One book that's not on the list is The Man Who Loved Books Too Much, by Allison Bartlett. My wife, Lisa, thinks the book is an unauthorized bio of me. The title fits, but the subtitle suggests that the author had someone else in mind ("The True Story of a Thief, a Detective, and a World of Literary Obsession"). Additional info on the book can be found here and here.
So what books published in 2009 are on your list of favorites?
Here's a partial list:
*Brock, Gillian. Global Justice: A Cosmopolitan Account. New York: Oxford University Press, 2009.
*Brown, Theodore L. Imperfect Oracle: The Epistemic and Moral Authority of Science. University Park, PA: Pennsylvania State University Press, 2009.
*Carmody, Chi, Frank Garcia and John Linarelli, eds. Distributive Justice and International Economic Law. Cambridge, UK: Cambridge University Press, 2009.
*Cassese, Antonio. The Oxford Companion to Criminal Justice. New York: Oxford University Press, 2009.
*Cohen, G.A. Why Not Socialism? Princeton, NJ: Princeton University Press, 2009.
*Doniger, Wendy. The Hindus: An Alternative History.
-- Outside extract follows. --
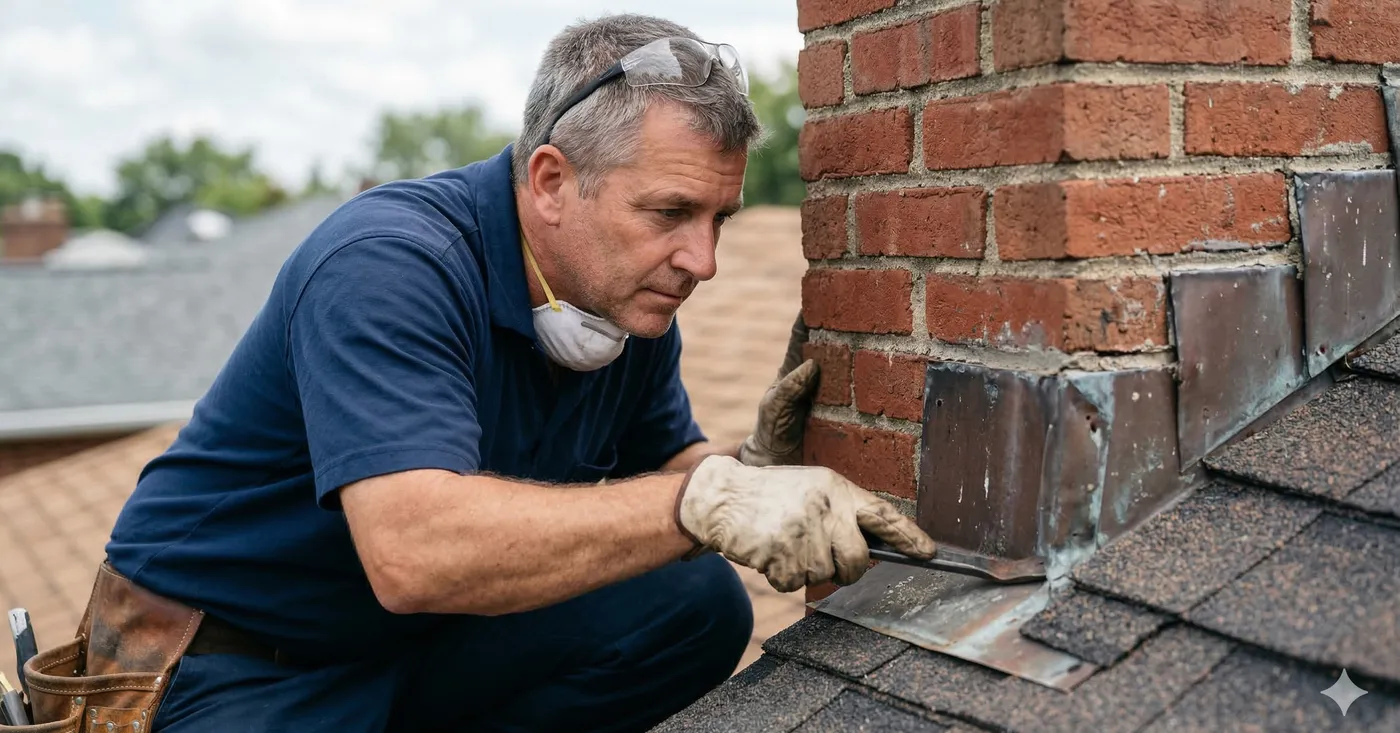 Chimney flashing repair Roswell GA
New York: Penguin Press, 2009.
*Ginbar, Yuval. Why Not Torture Terrorists? Moral, Practical and Legal Aspects of the ‘Ticking Bomb’ Justification of Torture. New York: Oxford University Press, 2009.
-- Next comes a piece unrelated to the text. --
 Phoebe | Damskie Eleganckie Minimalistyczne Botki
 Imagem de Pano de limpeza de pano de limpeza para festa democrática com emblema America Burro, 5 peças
*Griffel, Frank. Al-Ghazālī’s Philosophical Theology. New York: Oxford University Press, 2008.
*Haj, Samira. Reconfiguring Islamic Tradition: Reform, Rationality and Modernity. Stanford, CA: Stanford University Press, 2009.
*Hallaq, Wael B. Sharī‘a: Theory, Practice, Transformations. Cambridge, UK: Cambridge University Press, 2009.
*al-Jazīrī, ‘Abd al-Rahmān (Nancy Roberts, trans.). Islamic Jurisprudence According to the Four Sunni Schools, Vo. 1: Modes of Islamic Worship. Louisville, KY: Fons Vitae, 2009.
*Lloyd, Sharon. Morality in the Philosophy of Thomas Hobbes: Cases in the Law of Nature. Cambridge, UK: Cambridge University Press, 2009.
*Luper, Steven. The Philosophy of Death. Cambridge, UK: Cambridge University Press, 2009.
*Marmor, Andrei. Social Conventions: From Language to Law. Princeton, NJ: Princeton University Press, 2009.
*Sen, Amartya. The Idea of Justice. Cambridge, MA: Belknap Press of Harvard University Press, 2009.
*Tanaka, Yuki and Marilyn B. Young, eds. Bombing Civilians: A Twentieth-Century History. New York: The New Press, 2009.
*Trachtman, Joel P. and Chantal Thomas, eds. Developing Countries in the WTO Legal System. New York: Oxford University Press, 2009.
Posted by: Patrick S. O'Donnell | November 30, 2009 at 03:29 PM
This has been a year of reading older books for me. I haven't read anything on the Times list, though Lethem's Chronic City and Urofsky's Brandeis biography are on my Hanukkah wish list (and I've just added Robin Kelly's Thelonious Monk biography, which I didn't know about until now).
Posted by: Eric Fink | November 30, 2009 at 11:11 PM
I wasn't crazy at all about the book by Sen mentioned above- it seemed to me to be all over the place, not focused but intent on mentioning everything he'd done in his career, including lots of stories and side material for no important purpose, and to not support its most philosophically interesting and important points (the attack on the use of ideal theory in thinking about justice, for example) with anything like adequate argument. From someone of Sen's caliber I found it deeply disappointing. There was material there to provide the base for 3 or 4 interesting books, but what he wrote was none of them. I'd suggest skipping it.
Unfortunately I'm usually a year or so behind on books, so most of what I've been reading was published in '08 or so. I also don't get to read too much fiction, but I did really like the new book _Year of the Horse_ by Justin Allen. He's a friend of mine so I'm not disinterested, but I did find it a very enjoyable read and a book with many different levels.